2 The table shows the season's best times, \(x\) seconds, for the 8 athletes who took part in the 200 m final in the 2021 Tokyo Olympics. It also shows their finishing position in the race.
| Athlete | \(A\) | \(B\) | \(C\) | \(D\) | \(E\) | \(F\) | \(G\) | \(H\) |
| Season's best time | 19.89 | 19.83 | 19.74 | 19.84 | 19.91 | 19.99 | 20.13 | 20.10 |
| Finishing position | 1 | 2 | 3 | 4 | 5 | 6 | 7 | 8 |
Given that the fastest season's best time is ranked number 1
- calculate the value of the Spearman's rank correlation coefficient for these data.
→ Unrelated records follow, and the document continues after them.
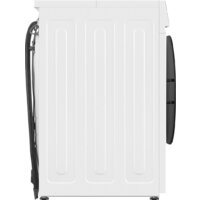 Стирально-сушильная машина Weissgauff WMD 61211 D Inverter Steam - Превью изображения №9 — Интернет-магазин samo.by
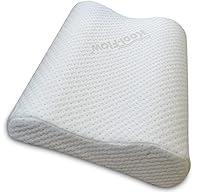 Algopix Similar Product 8 - Memory Foam Cervical Neck Pillow for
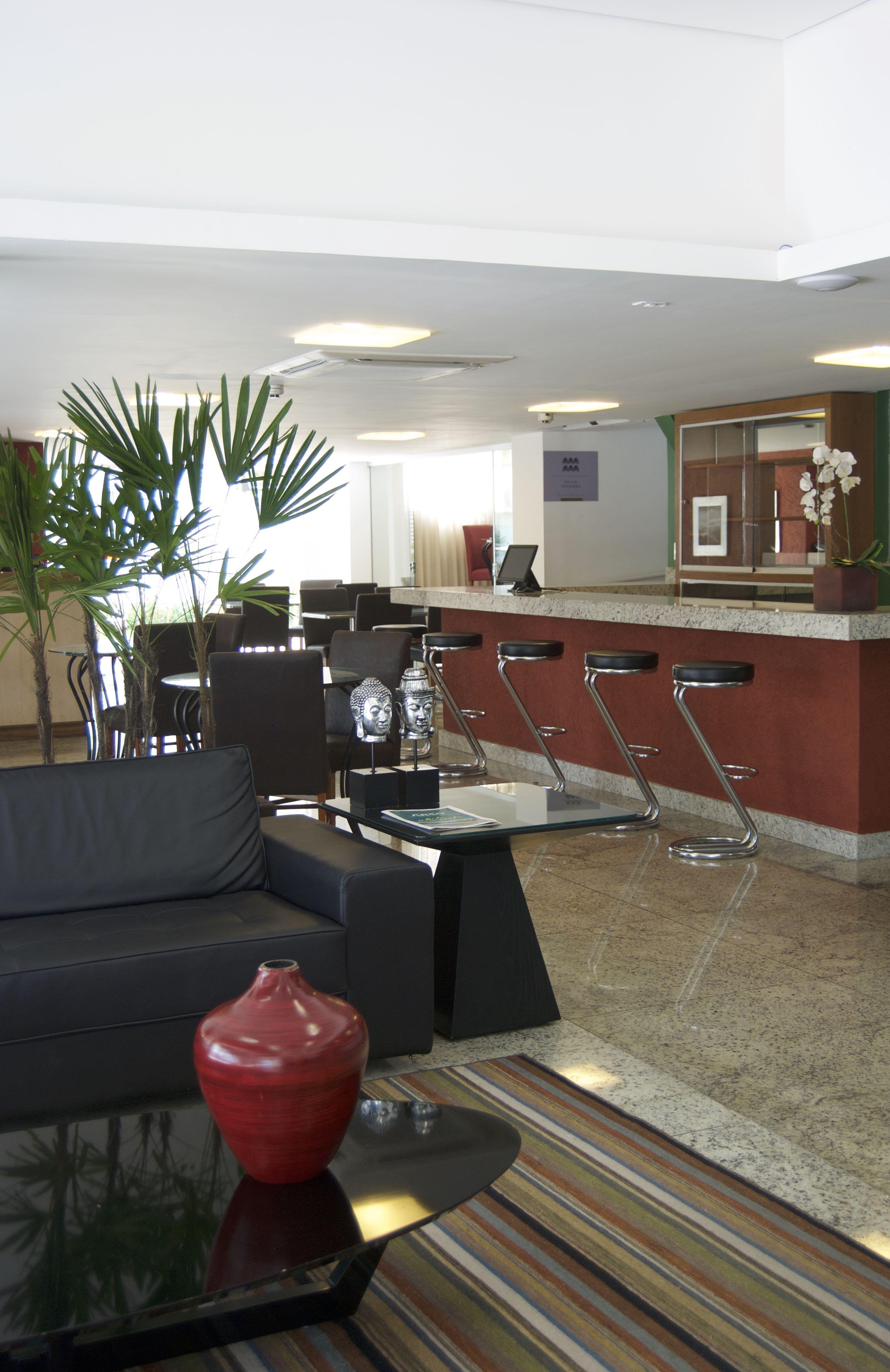 San Diego Suites Pampulha Hotel - Oficial Belo Horizonte Esterno foto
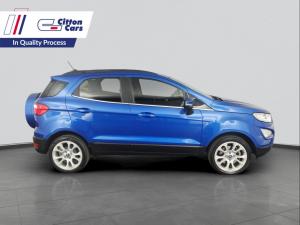 Ford Ecosport 1.0 Ecoboost Titanium - Image 6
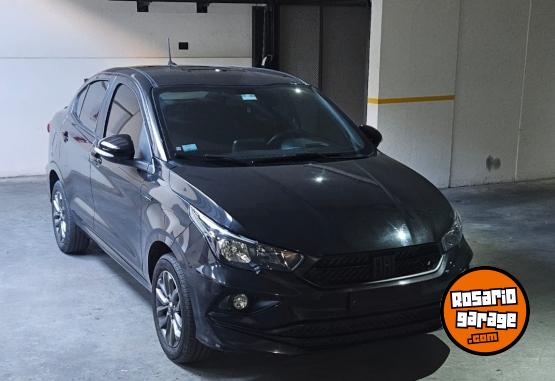 Autos - Fiat Cronos 2021 Nafta 110000Km - En Venta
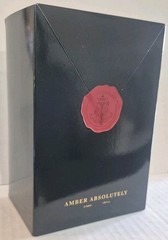 Fort & Manle – Amber Absolutely – 50mL 1.7oz – BNIB New & Sealed!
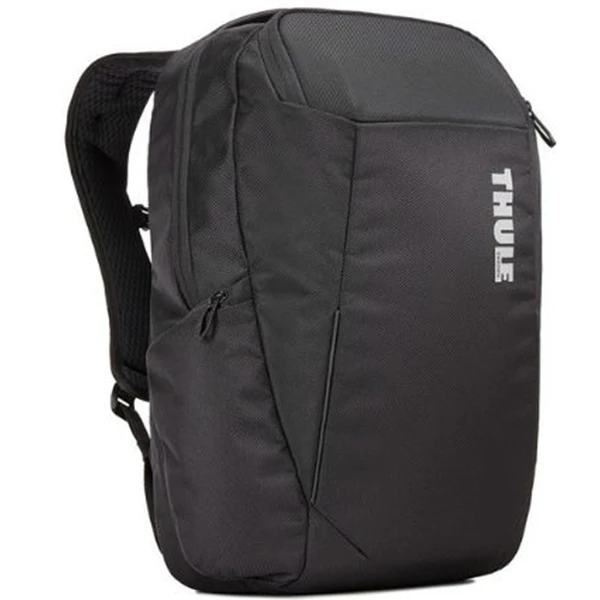 Thule ноутбукке арналған иыққап Accent Backpack 23L TACBP 116 (Black) - фото 8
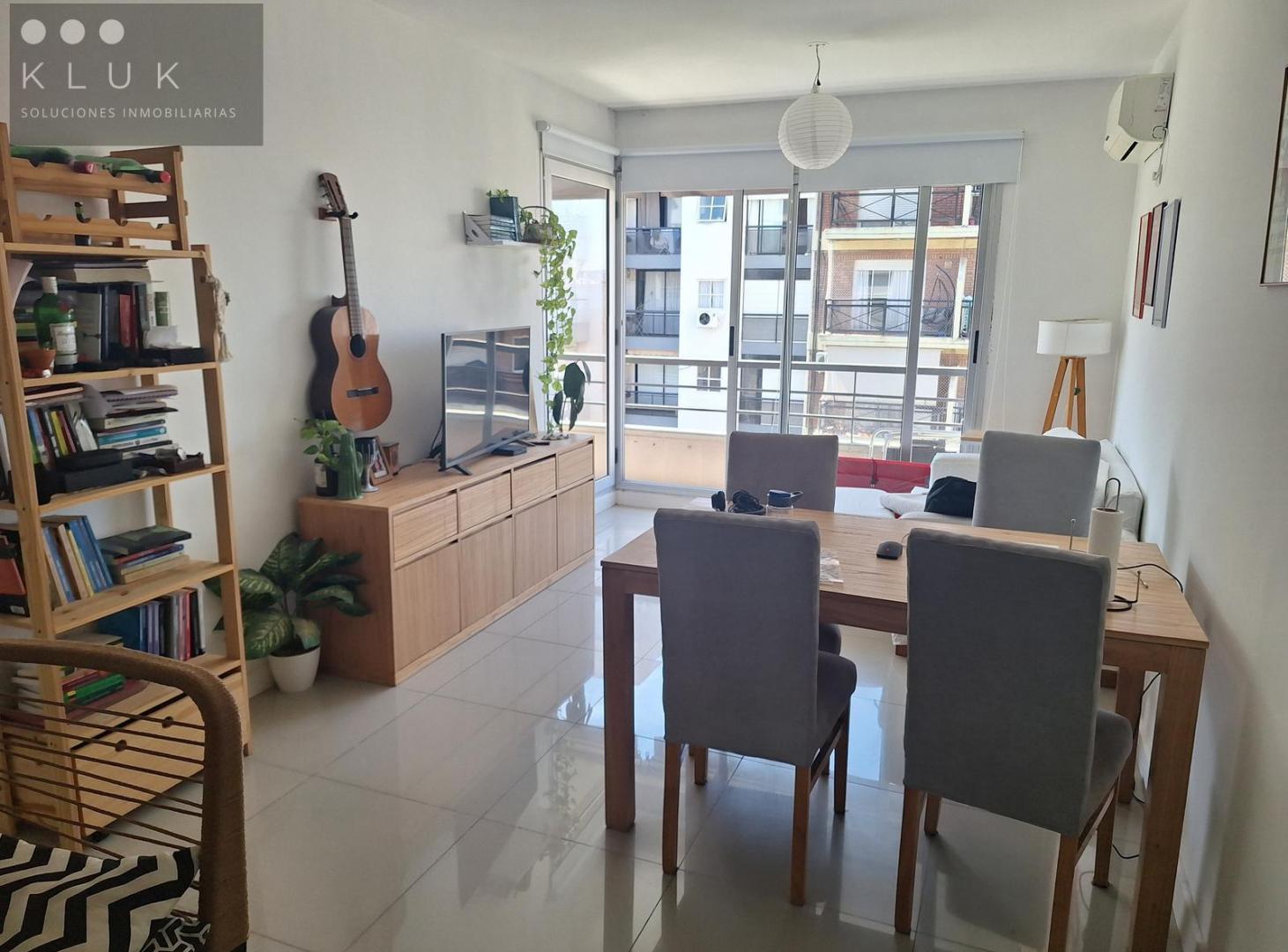 Foto de Departamento de 2 ambientes con pileta y cochera en Villa Urquiza, imagen 4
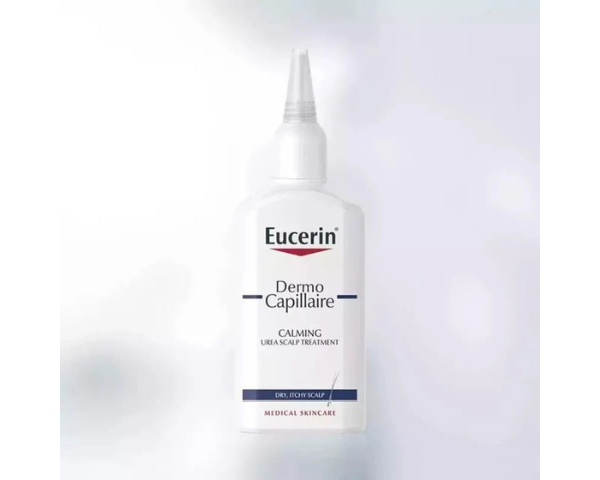 Calming Urea Scalp Treatment | Hydrating & Soothing Scalp Care Formulas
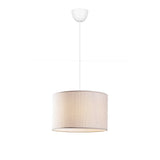 Lustră Pie, Diverse culori - Gri | SKU: 390FLH2163 | Lustră Pie, varianta Gri, produs pentru amenajarea locuinței, disponibil online în România la CasaMob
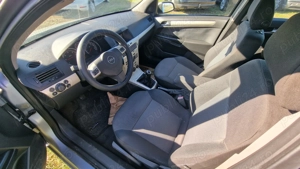 Opel Astra H 2008 - 1.9 Diesel - Import Italia - Stare foarte buna - imagine 7 Opel Astra H 2008 - 1.9 Diesel - Import Italia - Stare foarte buna - imagine 7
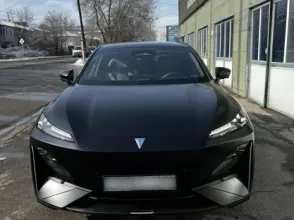 фото Changan Deepal S07 2025 года с пробегом за 13500000 тенге в undefined - фото 1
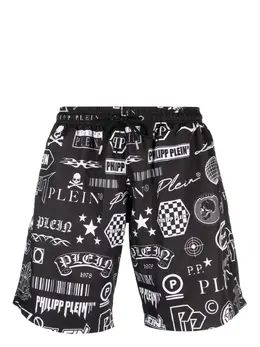 Philipp Plein: Плавки 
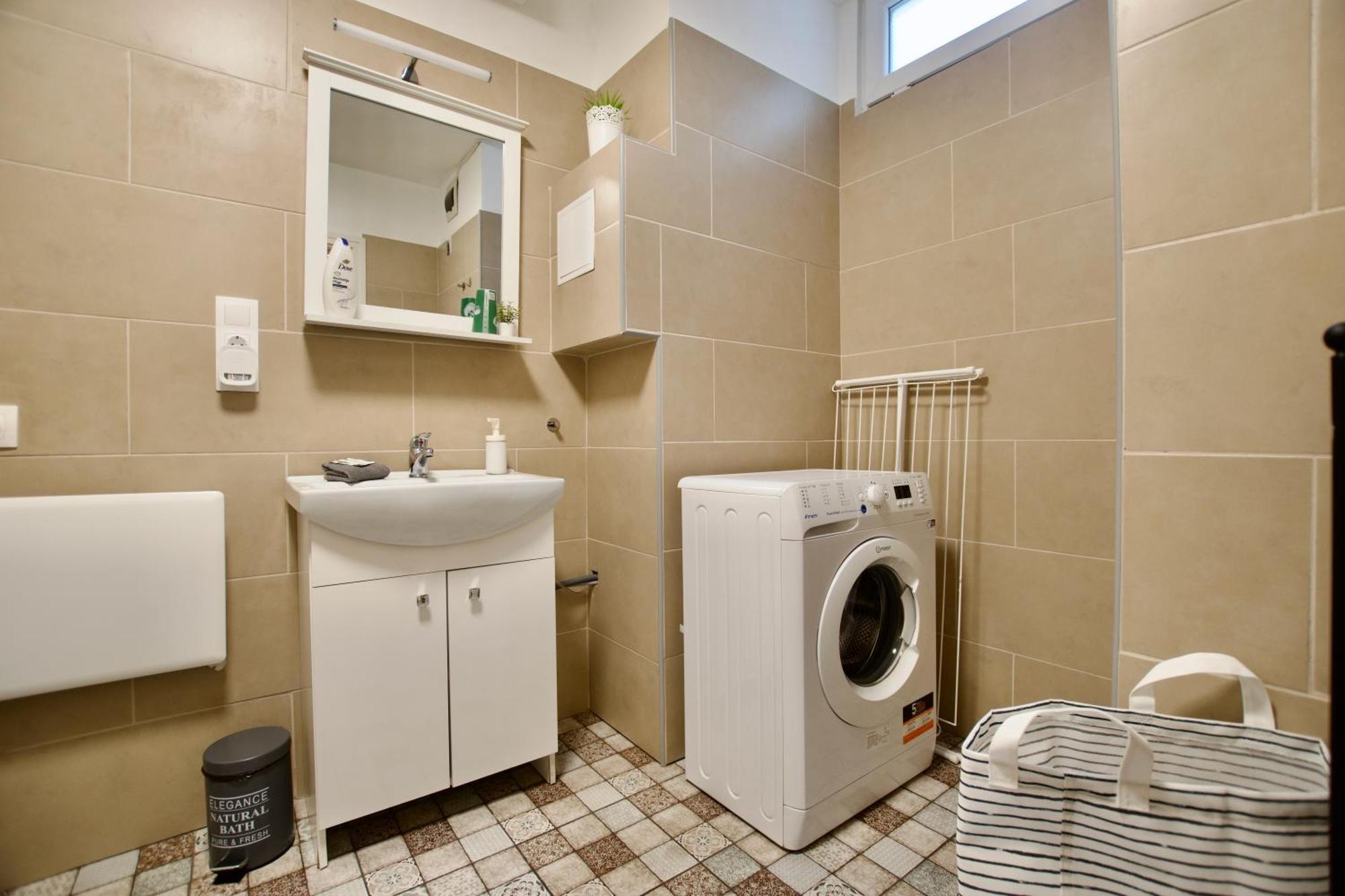 Studio Apartment By Hi5- Rozsa Street Βουδαπέστη Εξωτερικό φωτογραφία
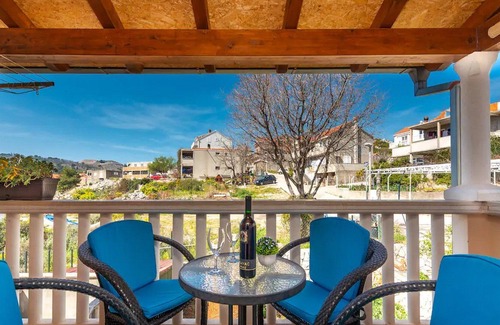 Zupa dubrovacka Apartamento | Prlender Apartment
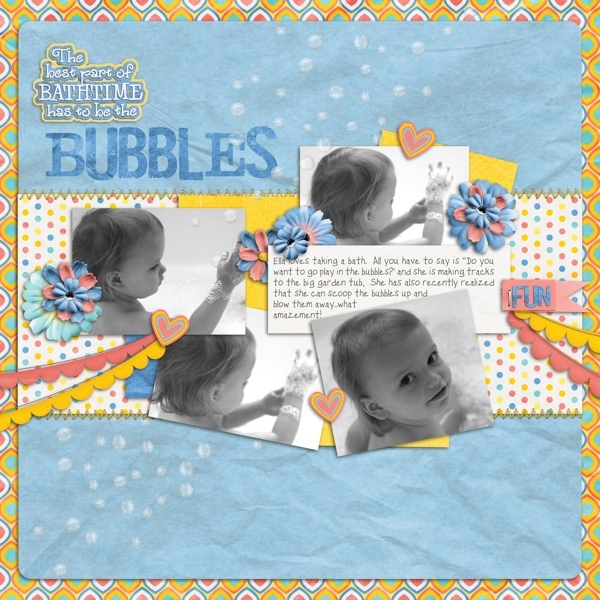 Bubbles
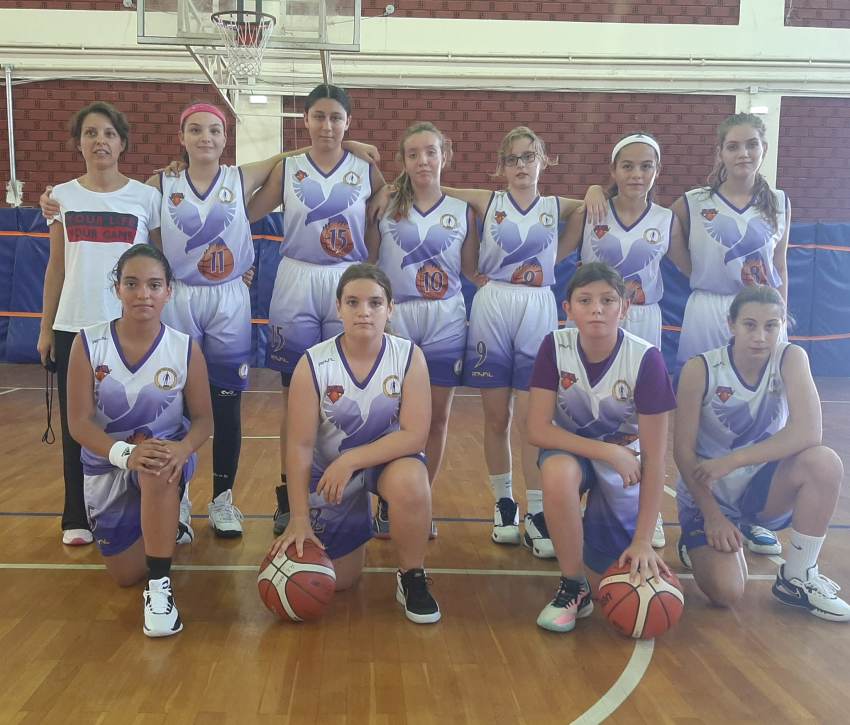 Α.Σ. Ο Βατικιώτης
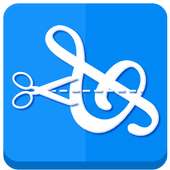 Audio Editor Cutter & Merger on 9Apps
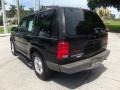 2002 Black Clearcoat Ford Explorer Sport  photo #3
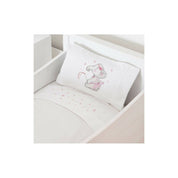 Juego de Sábanas Bailarina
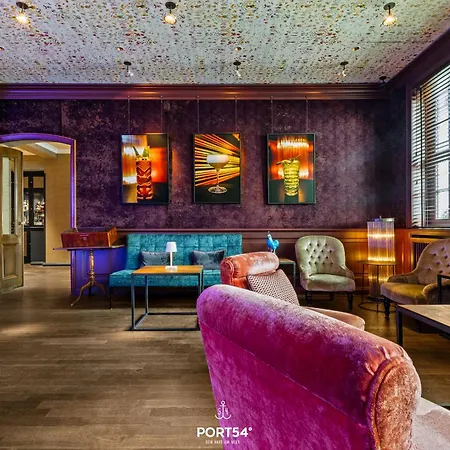 Apartman Duenengold Auf Sylt *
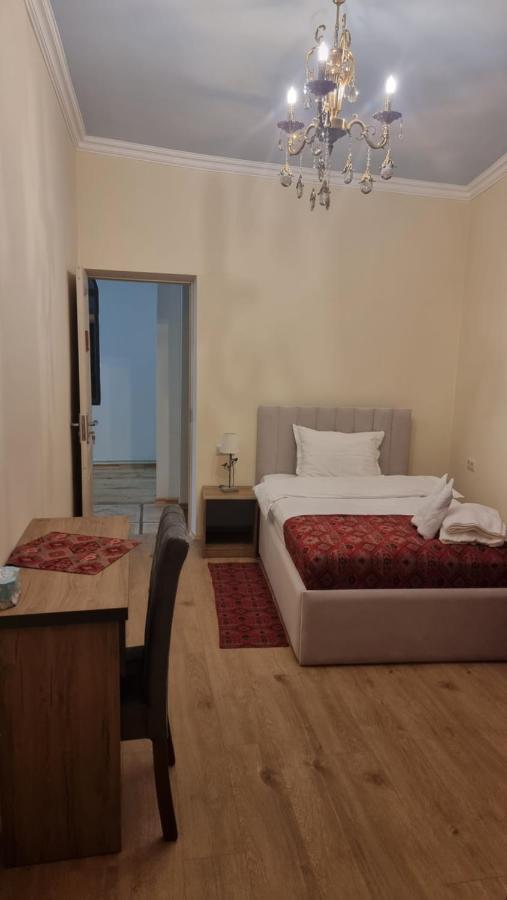 Deghceni Clubhouse Hotel Dilijan Bagian luar foto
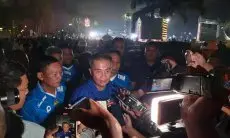 Persib Bandung Juara Liga 1 Indonesia, Pj Gubernur Jawa Barat Bey Machmudin: Ini Malam Luar Biasa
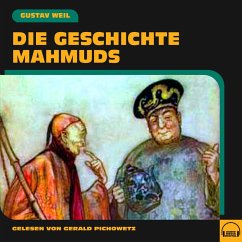 Die Geschichte Mahmuds (MP3-Download) - Weil, Gustav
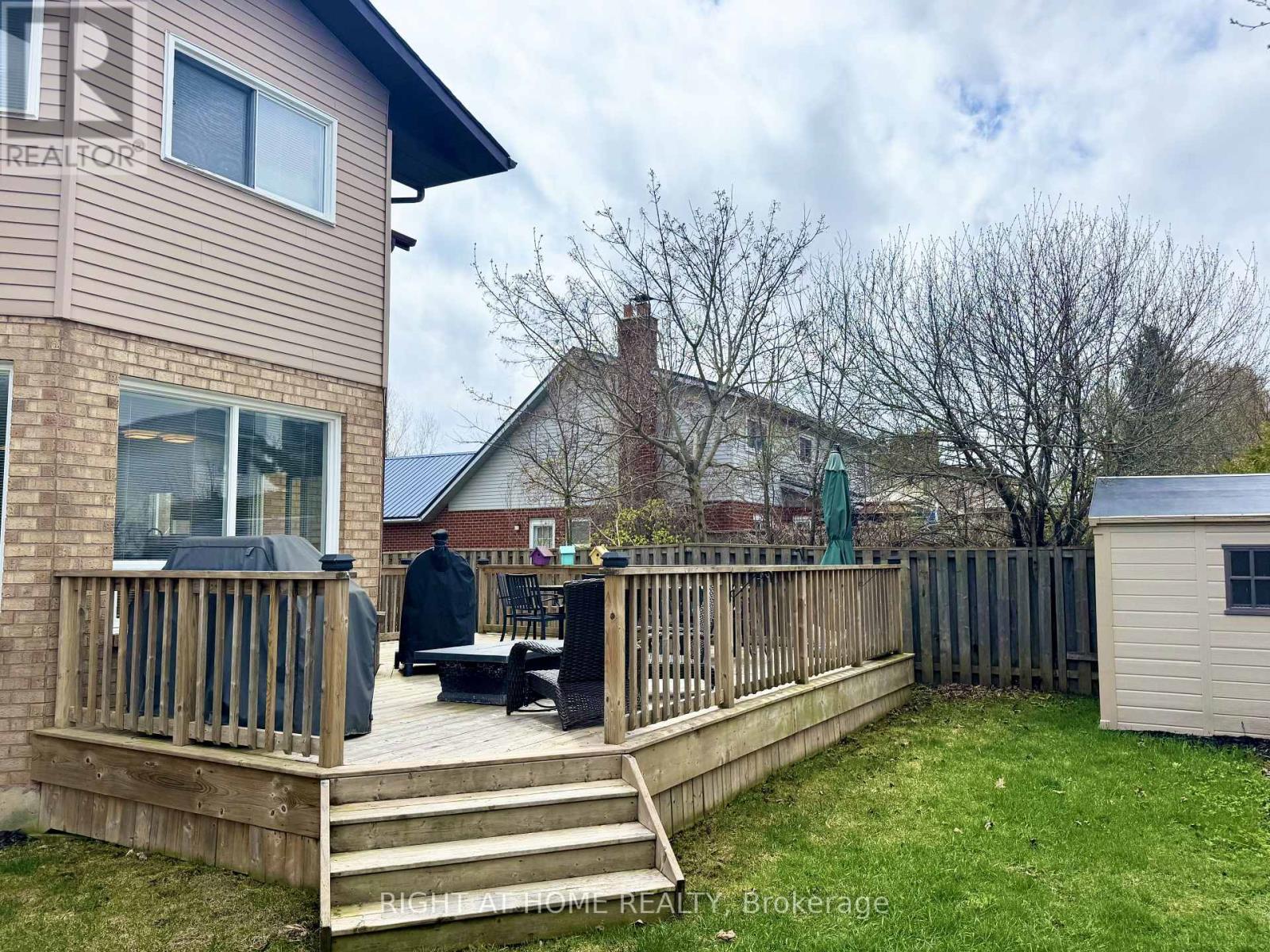 11 Passmore Avenue, Orangeville, Ontario  L9W 4E1 - Photo 16 - W12121605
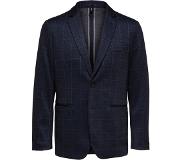 Selected Homme Colbert Slim-reno Blz Donkerblauw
- Stating your hypotheses clearly, test, at the \(1 \%\) level of significance, whether or not there is evidence of a positive correlation between the rank of the season's best time and the finishing position for these athletes.
Chris suggests that it would be better to use the actual finishing time, \(y\) seconds, of these athletes rather than their finishing position.
Given that
$$S _ { x x } = 0.1286875 \quad S _ { y y } = 0.55275 \quad S _ { x y } = 0.225175$$
- calculate the product moment correlation coefficient between the season's best time and the finishing time for these athletes.
Give your answer correct to 3 decimal places. - Use your value of the product moment correlation coefficient to test, at the \(1 \%\) level of significance, whether or not there is evidence of a positive correlation between the season’s best time and the finishing time for these athletes.